> **WHAT THIS TASK INVOLVES**: These records contain pictures, which must be left out; copy exactly the lines from the one with "Problem 1: An" up to and including the one with "This Tuesday is".

> **MATERIAL FOR THIS EXERCISE**:
* * *
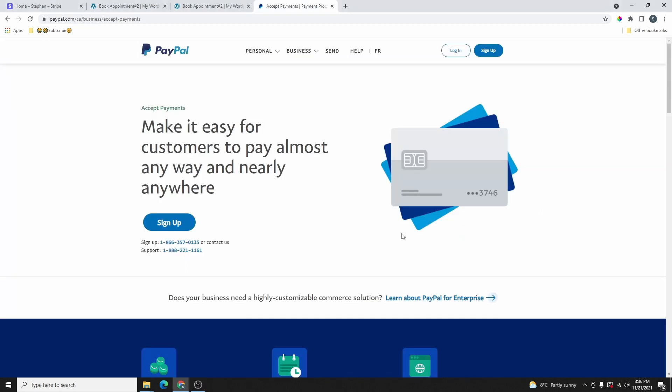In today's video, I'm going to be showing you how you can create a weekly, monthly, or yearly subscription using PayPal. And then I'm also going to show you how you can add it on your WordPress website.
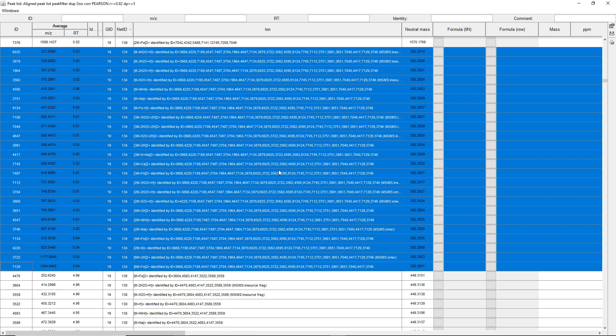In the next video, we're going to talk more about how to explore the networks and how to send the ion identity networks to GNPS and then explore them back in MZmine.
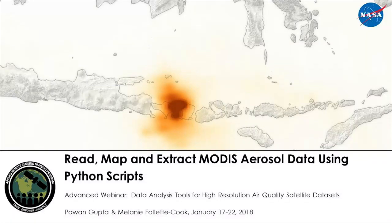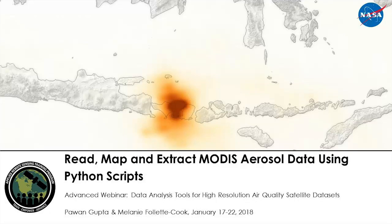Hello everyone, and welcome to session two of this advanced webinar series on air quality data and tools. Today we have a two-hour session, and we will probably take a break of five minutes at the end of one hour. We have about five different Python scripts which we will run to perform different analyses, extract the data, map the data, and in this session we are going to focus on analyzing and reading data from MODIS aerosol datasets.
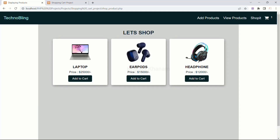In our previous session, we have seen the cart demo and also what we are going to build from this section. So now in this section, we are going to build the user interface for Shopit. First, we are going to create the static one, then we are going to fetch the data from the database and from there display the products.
* * *
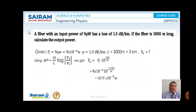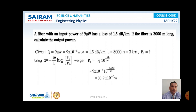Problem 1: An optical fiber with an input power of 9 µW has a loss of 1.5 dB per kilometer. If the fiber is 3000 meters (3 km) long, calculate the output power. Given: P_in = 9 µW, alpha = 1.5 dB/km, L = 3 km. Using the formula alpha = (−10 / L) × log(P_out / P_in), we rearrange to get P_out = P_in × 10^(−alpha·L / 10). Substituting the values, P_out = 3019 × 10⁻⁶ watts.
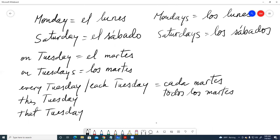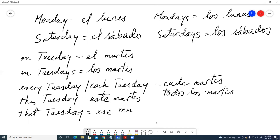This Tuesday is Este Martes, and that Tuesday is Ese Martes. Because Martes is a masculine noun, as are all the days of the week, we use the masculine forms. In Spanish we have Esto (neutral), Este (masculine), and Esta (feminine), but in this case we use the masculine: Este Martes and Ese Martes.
* * *
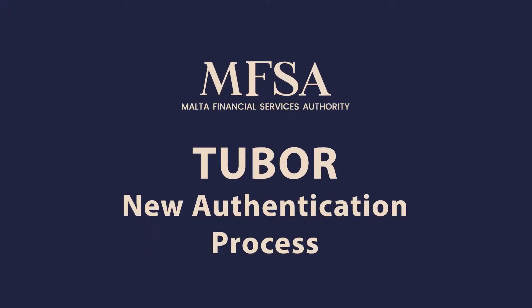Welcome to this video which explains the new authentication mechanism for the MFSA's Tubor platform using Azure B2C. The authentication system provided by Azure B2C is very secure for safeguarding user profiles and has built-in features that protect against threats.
* * *
> **OUTPUT BELOW**:
Problem 1: An optical fiber with an input power of 9 µW has a loss of 1.5 dB per kilometer. If the fiber is 3000 meters (3 km) long, calculate the output power. Given: P_in = 9 µW, alpha = 1.5 dB/km, L = 3 km. Using the formula alpha = (−10 / L) × log(P_out / P_in), we rearrange to get P_out = P_in × 10^(−alpha·L / 10). Substituting the values, P_out = 3019 × 10⁻⁶ watts.
This Tuesday is Este Martes, and that Tuesday is Ese Martes. Because Martes is a masculine noun, as are all the days of the week, we use the masculine forms. In Spanish we have Esto (neutral), Este (masculine), and Esta (feminine), but in this case we use the masculine: Este Martes and Ese Martes.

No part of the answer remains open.